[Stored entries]
* * * * * * *
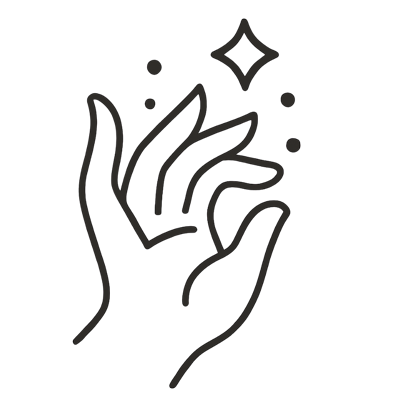 Icon of joyful cooking hand gesture for love of cooking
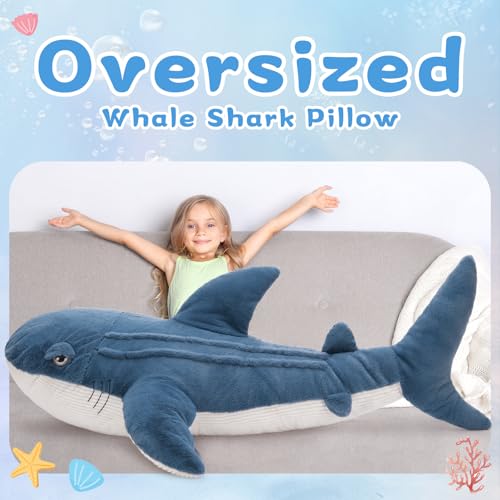 Tezituor 51 inch Giant Whale Shark Stuffed Animal Plush Pillow M152089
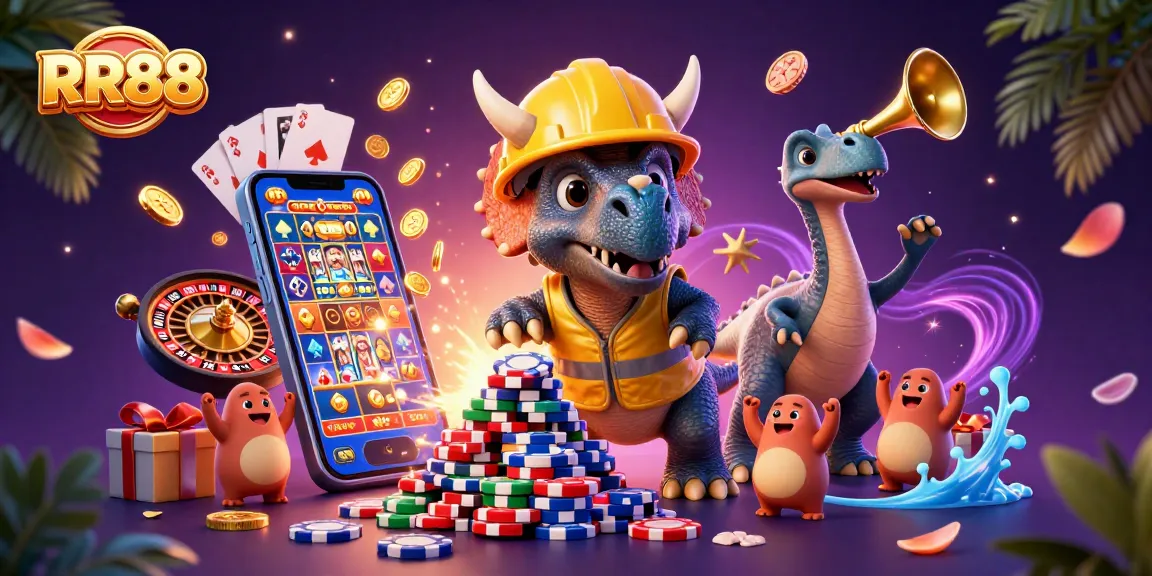 Bet and win at RR88 with vibrant games, featuring a jubilant triceratops leading the fun.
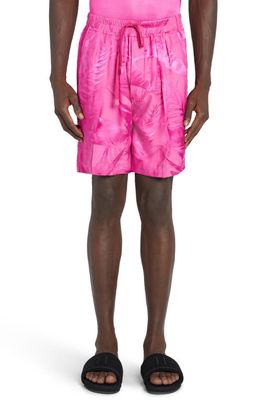 TOM FORD Floral Pleated Jacquard Shorts in Magenta
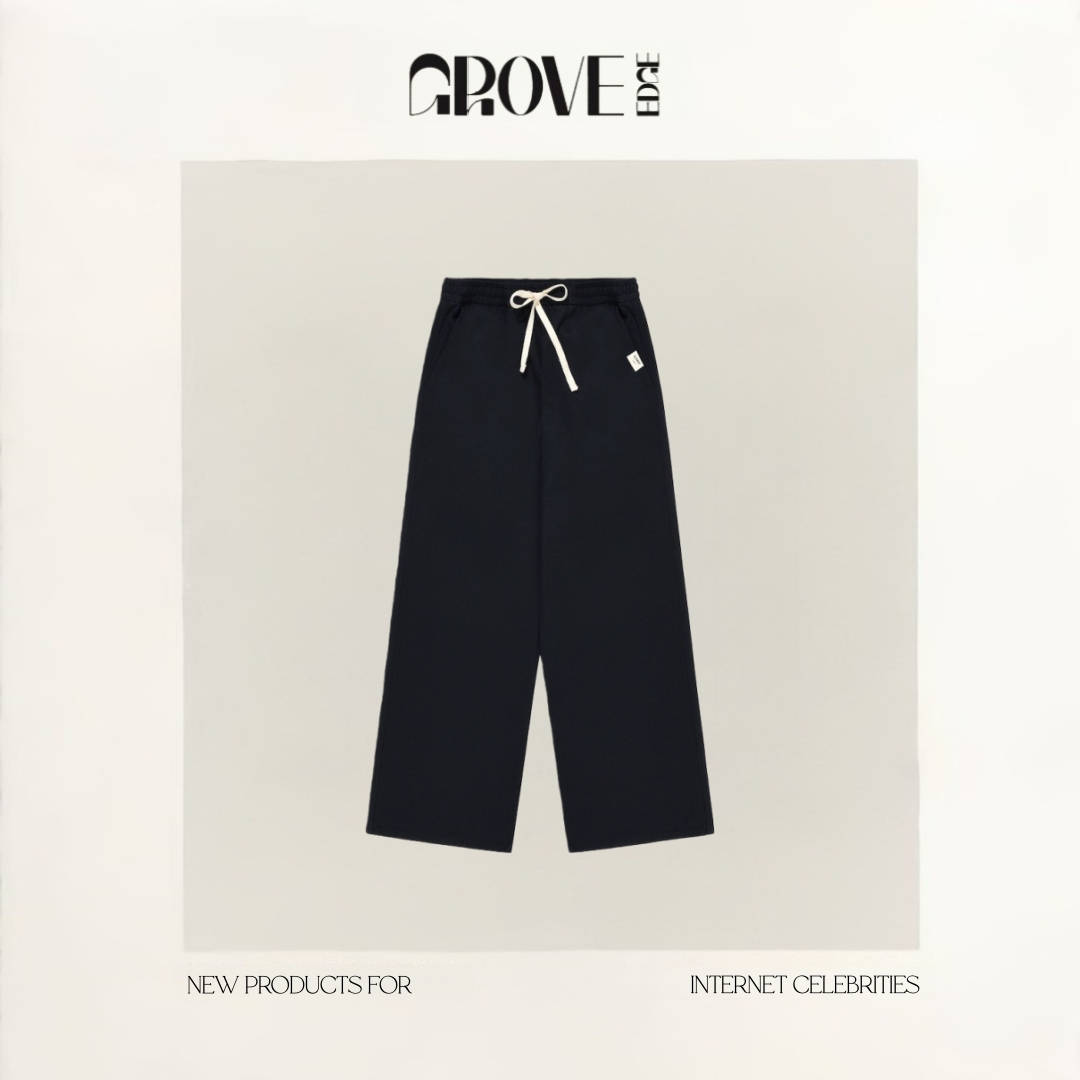 【现货】GROVE EDGE韩国设计师松紧腰直筒休闲裤显瘦裤李宥利同款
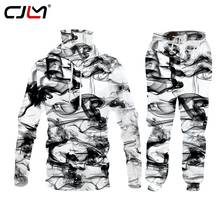 CJLM 2 Pieces Sets Tracksuit Men Artistic Smoke Ink Painting Hooded Sweatshirt+pants Pullover Hoodie Sportwear Suit  Casual 2024 - buy cheap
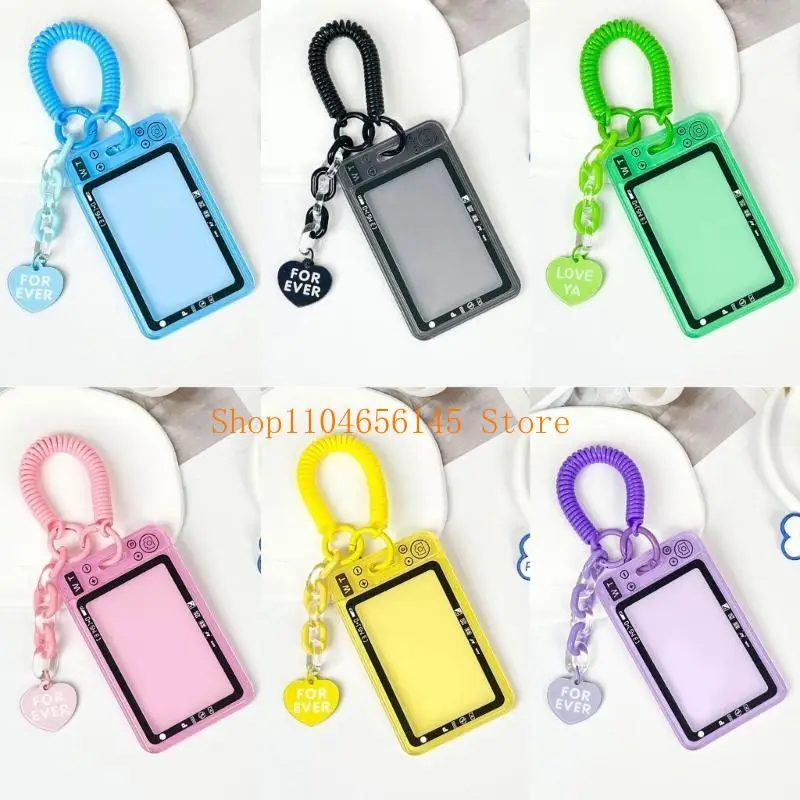 5ASD Photocard Holder Photo Card Case مع سلسلة مفاتيح لفائف الربيع القابلة للسحب للطالب #5
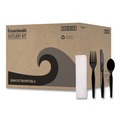 Cutlery | Boardwalk BWKFKTNHWPSBLA Heavyweight Fork/Knife/Napkin/Teaspoon 4-Piece Plastic Cutlery Kit - Black (250/Carton) image number 0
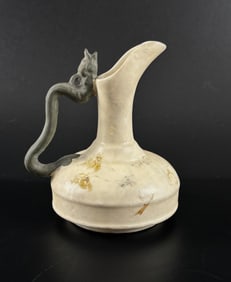 Late Ming Miniature Ritual Ewer with Dragon Handle and Floral Glaze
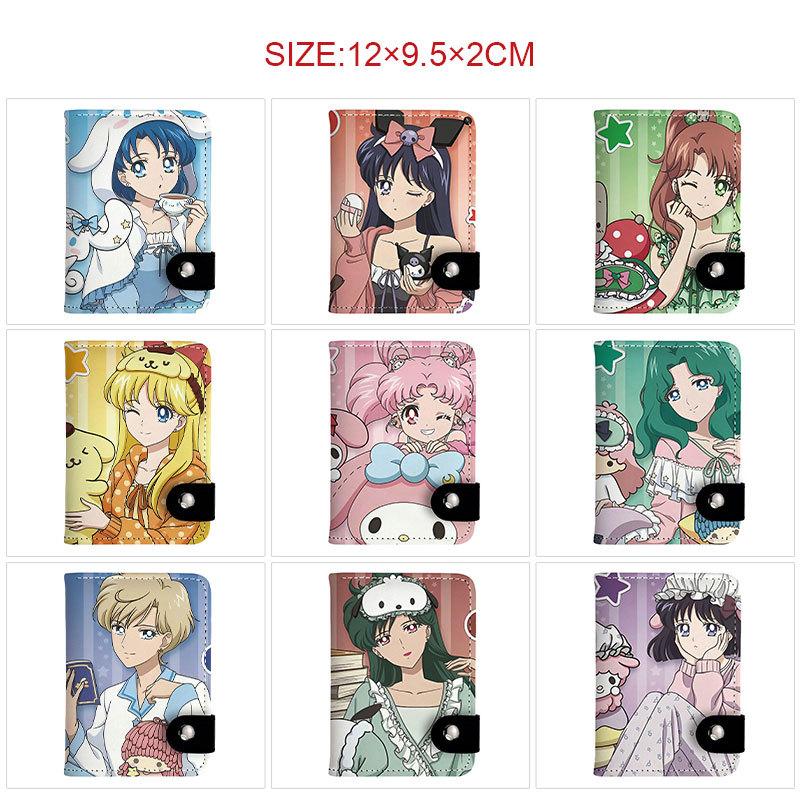 Sailor Moon Anime Print Vertikale Druckknopf-Geldbörse Luna Bunte Kartenhaltertasche Mini-Münzbörse 1 Stück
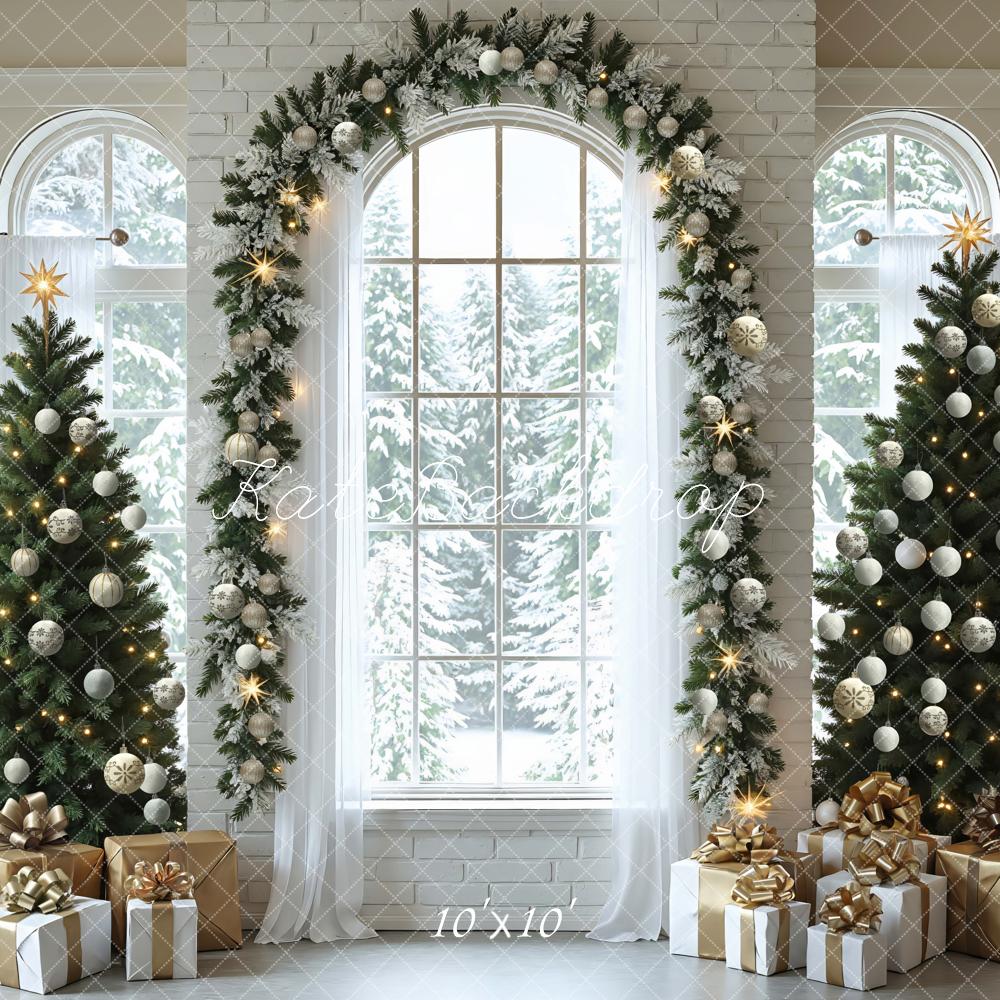 Kate Christmas Trees Arched Window Presents Backdrop Designed by Mini MakeBelieve - Image 7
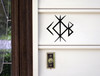 home protection bind rune vinyl decal combining algiz kenaz tiwaz and berkana runes in a norse inspired viking symbol representing protection family guidance strength and home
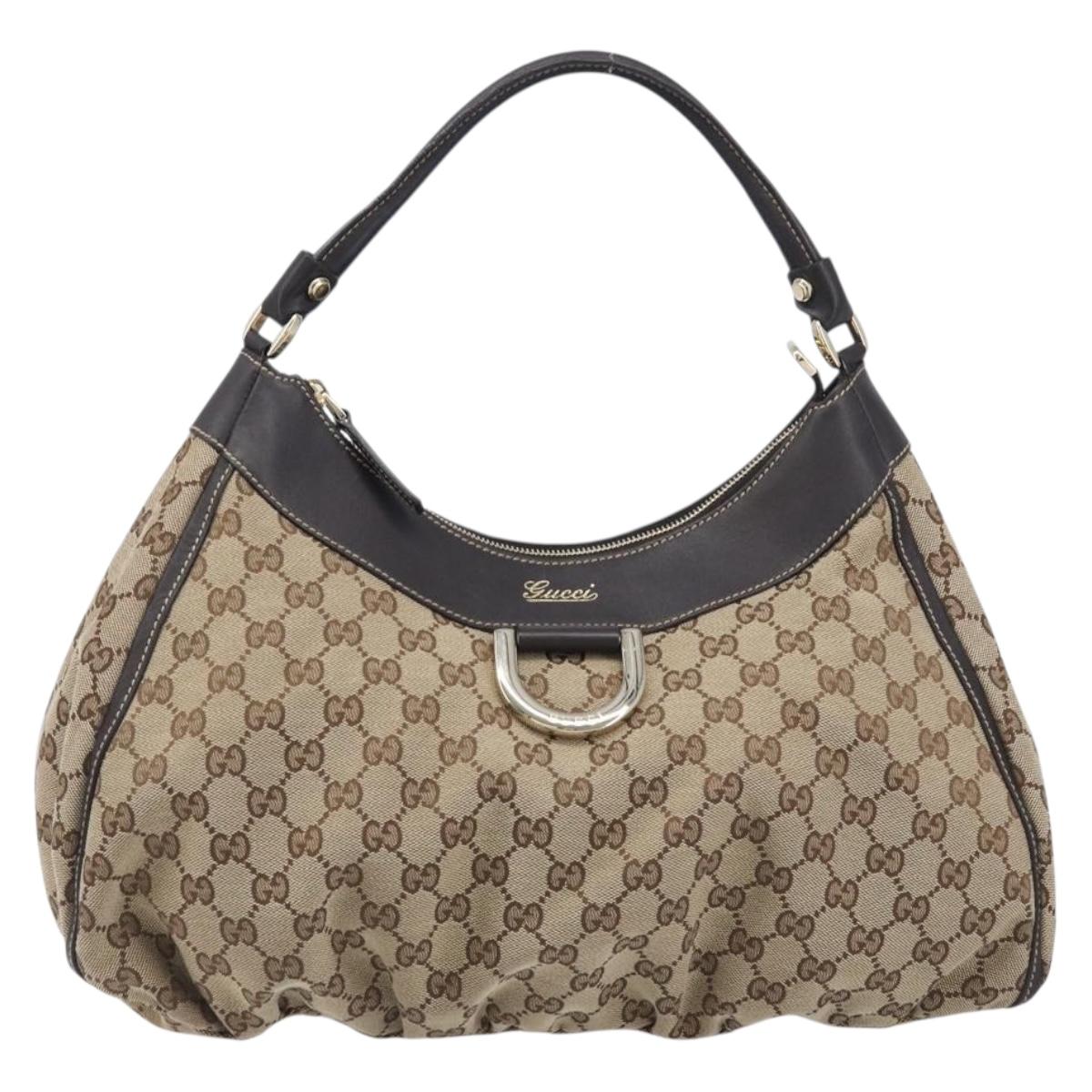 GUCCI GG Canvas Abbey Shoulder Bag Beige Gold 189833 Auth 210744V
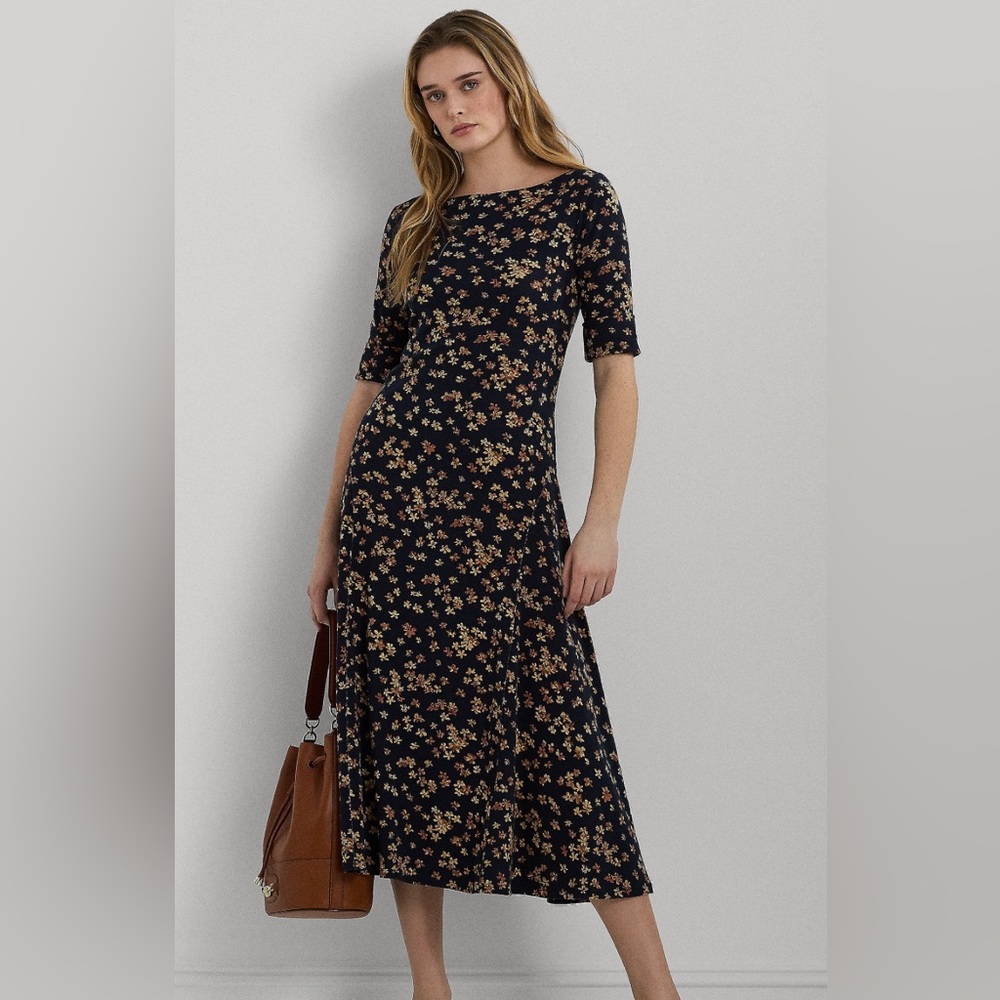Lauren - Ralph Lauren Floral Stretch Cotton Midi Dress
* * * * * * *
Problem details: The preceding entries are to be written out again exactly, with the pictures removed.

Response for this exercise:
 Icon of joyful cooking hand gesture for love of cooking
 Tezituor 51 inch Giant Whale Shark Stuffed Animal Plush Pillow M152089
 Bet and win at RR88 with vibrant games, featuring a jubilant triceratops leading the fun.
 TOM FORD Floral Pleated Jacquard Shorts in Magenta
 【现货】GROVE EDGE韩国设计师松紧腰直筒休闲裤显瘦裤李宥利同款
 CJLM 2 Pieces Sets Tracksuit Men Artistic Smoke Ink Painting Hooded Sweatshirt+pants Pullover Hoodie Sportwear Suit  Casual 2024 - buy cheap
 5ASD Photocard Holder Photo Card Case مع سلسلة مفاتيح لفائف الربيع القابلة للسحب للطالب #5
 Cutlery | Boardwalk BWKFKTNHWPSBLA Heavyweight Fork/Knife/Napkin/Teaspoon 4-Piece Plastic Cutlery Kit - Black (250/Carton) image number 0
 Late Ming Miniature Ritual Ewer with Dragon Handle and Floral Glaze
 Sailor Moon Anime Print Vertikale Druckknopf-Geldbörse Luna Bunte Kartenhaltertasche Mini-Münzbörse 1 Stück
 Kate Christmas Trees Arched Window Presents Backdrop Designed by Mini MakeBelieve - Image 7
 home protection bind rune vinyl decal combining algiz kenaz tiwaz and berkana runes in a norse inspired viking symbol representing protection family guidance strength and home
 GUCCI GG Canvas Abbey Shoulder Bag Beige Gold 189833 Auth 210744V
Lauren - Ralph Lauren Floral Stretch Cotton Midi Dress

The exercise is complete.